# quial hunting



## dgaf (Jun 10, 2011)

only got one but hear it is


----------



## whipcrackdeadbunny (May 22, 2010)

Which one's the bird ...


----------



## Beanflip (Sep 11, 2010)

Nice job. Getting a kill on a live target is a good feeling. It takes skill and nerve.


----------



## Nico (Sep 10, 2010)

whipcrackdeadbunny said:


> Which one's the bird ...


----------



## Nico (Sep 10, 2010)

All jokes aside.. Good kill partner..

Quail are awesome slingshot game and very tasty to boot, only better tasting game bird in my personal opinion are doves; but quail are meatier larger breast. That alone rates quail as a higher score meat wise, havent shot quail with a slingshot in many years, would love to do that again.

How did you take this quail? Was it in a bush or on the ground and what ammo did you kill it with?

Nico


----------



## radray (Apr 30, 2011)

Good job on the quail. I hope it was tasty my friend.


----------



## dgaf (Jun 10, 2011)

radray said:


> Good job on the quail. I hope it was tasty my friend.

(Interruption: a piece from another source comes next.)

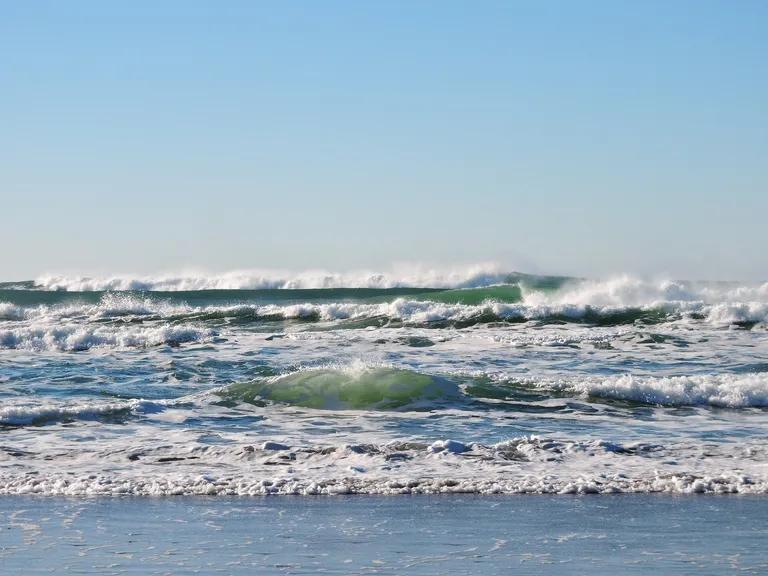  seashore coast seacoast sea-coast promontory headland head foreland sandbar sand bar lakeside lakeshore-0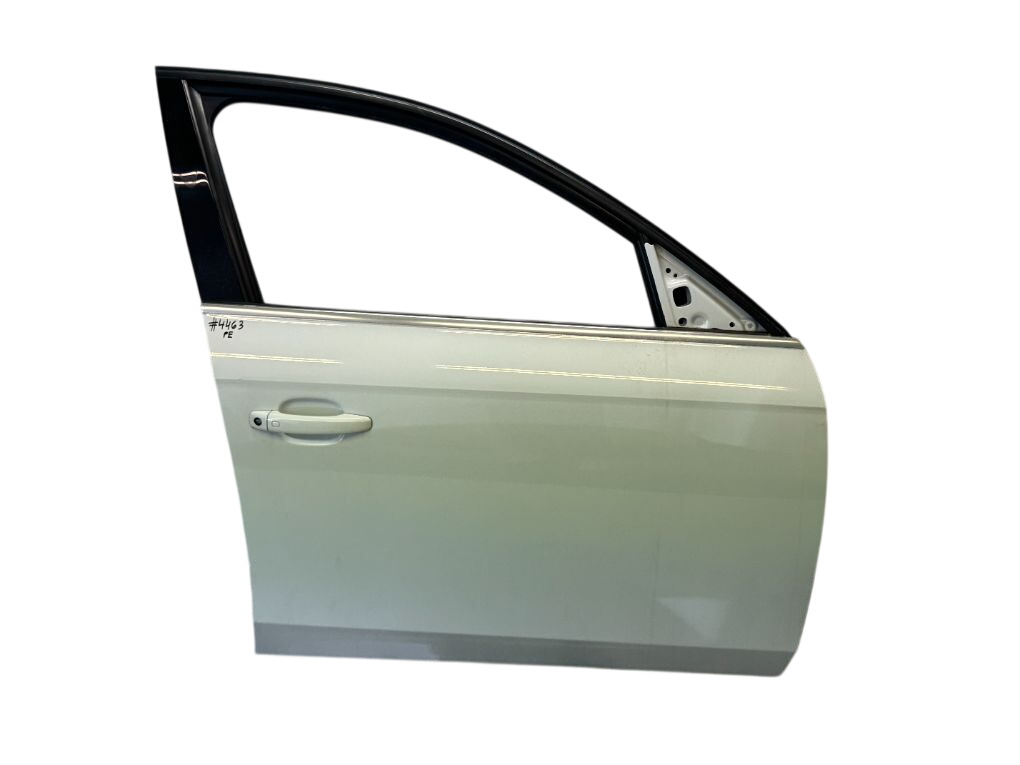 Audi A4 (B8) Door Front Right 8K0831052J Door Front Right AUDI A4 / A4 ALLROA...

i love dove to i think it is a better meat and i shot it on the ground and for ammo it was a glass marble


----------



## NaturalFork (Jan 21, 2010)

Excellent! Are those my favorite RRT tubes you are using?


----------



## dgaf (Jun 10, 2011)

NaturalFork said:


> Excellent! Are those my favorite RRT tubes you are using?


yes it is


----------



## kyrokon (Feb 11, 2011)

Good shooting, rrt are my favorite also. I wish they would change the color, any color but bright red.


----------



## rockslinger (Nov 16, 2010)

Good shot. Be careful quail and dove are game birds and the're out of season in the summer, also you must have a hunting license.


----------